November 25, 2015 at 11:59 am
This method would work provided there are not any specified thresholds for success separate to the opposing person’s skill. In WFRP 2’s original rules, both people in the skill test have to first pass a threshold before their relative successes are compared – so if the person initiating the test doesn’t make the threshold there is no further test of the defender’s skill. Thus the comparison of success levels happens conditional on the success of the initiator.
In my revised version for some reason the problem still exists. For example if both players have attribute of 4, in a stealth vs. observation check, the initiator has to roll over 8, i.e. has a 41% chance of success. This means that the defender had a 60% chance of success. But if you reverse the skill checks, the opposite outcome ensues.

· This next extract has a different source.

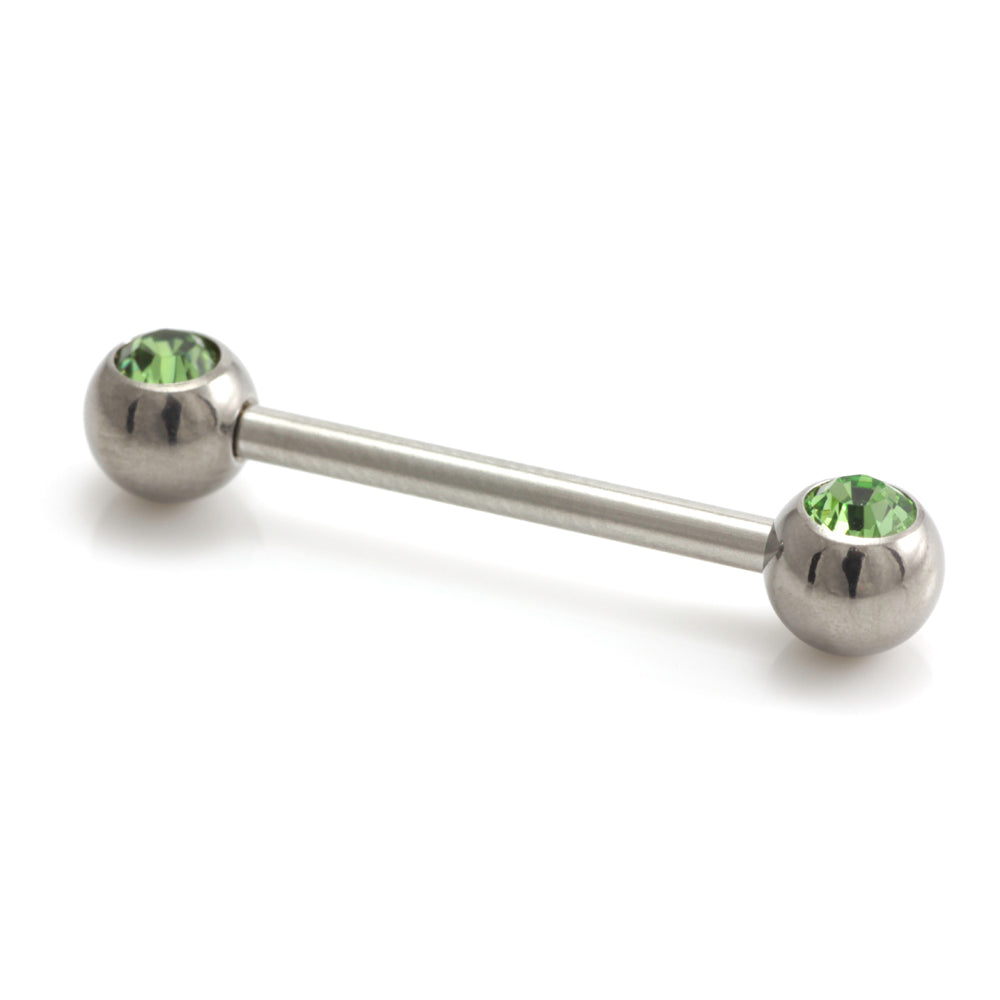 Steel External Thread Forward Facing Double Gem Barbell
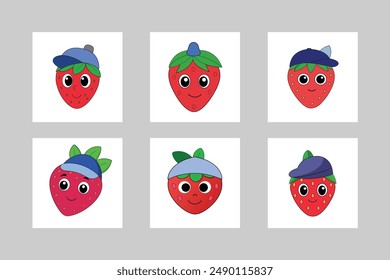 Strawberry Wearing a Cap Vector Illustration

Typically it works like this: PC sneaks into combat so he has to do a stealth check – which with 40% chance of success means that the enemy’s observation skill had a 60% chance of success. But then during combat an enemy enters the fray by stealth, to attack the PC. Then the PC is given an observation test to spot the sneaker, so it becomes observation vs. stealth. Then the PC has a 40% chance of success in the observation check, and the enemy a 60% chance of success in the stealth! Obviously this isn’t always a problem because often in such a situation the GM will treat the enemy as the initiator. But we don’t always do this! It depends on the flow of play, how much we want to give the PC control of the dice rolling, how many other things we’re doing, etc. And there are other skill checks that don’t have such a natural passive/active division as stealth/observation. Even if you have a consistent pattern of assignment of passive/active you’re still saying the active skill is harder: if you always do stealth vs. observation, then you’re effectively saying that for a person with stealth X and Observation X, observation is always easier than stealth. This might be true in that particular case, but is it true in all possible skill test combinations? e.g. hiding a trap vs. finding it; hitting vs. defending; casting a spell vs. resisting a spell; hiding your mutation vs. spotting it; and so on.
February 2, 2019 at 1:53 pm
Well while you’re correct about attacks and parrying, you’re simply wrong about opposed skill checks in wfrp2.
A failure by the initiator doesn’t mean the outcome is determined – you also need to wait and the defender’s roll. If the defender succeeds the opposed roll is resolved in his favour. If the defender also fails the rulebook recommends declaring it a stalemate or re-rolling.
The parrying issue can be resolved by requiring parries to succeed by more levels of success than the attack.